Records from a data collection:
┌──

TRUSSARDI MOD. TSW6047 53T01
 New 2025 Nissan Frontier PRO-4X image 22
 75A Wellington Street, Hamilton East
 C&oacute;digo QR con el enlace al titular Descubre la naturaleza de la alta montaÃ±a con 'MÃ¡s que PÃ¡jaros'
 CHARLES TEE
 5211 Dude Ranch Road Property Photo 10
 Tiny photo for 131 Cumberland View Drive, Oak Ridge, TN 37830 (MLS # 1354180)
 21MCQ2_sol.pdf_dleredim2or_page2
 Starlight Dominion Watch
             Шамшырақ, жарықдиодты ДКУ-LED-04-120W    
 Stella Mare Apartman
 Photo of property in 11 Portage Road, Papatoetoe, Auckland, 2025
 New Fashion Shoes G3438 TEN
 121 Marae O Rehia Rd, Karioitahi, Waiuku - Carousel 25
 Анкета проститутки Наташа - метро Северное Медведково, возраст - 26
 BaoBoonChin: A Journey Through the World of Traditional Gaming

└──

■ **PROBLEM STATEMENT**
The answer must be every line from the records above that contains the word "Road", copied in full.

■ **RESPONSE FOR THIS EXERCISE**
 5211 Dude Ranch Road Property Photo 10
 Photo of property in 11 Portage Road, Papatoetoe, Auckland, 2025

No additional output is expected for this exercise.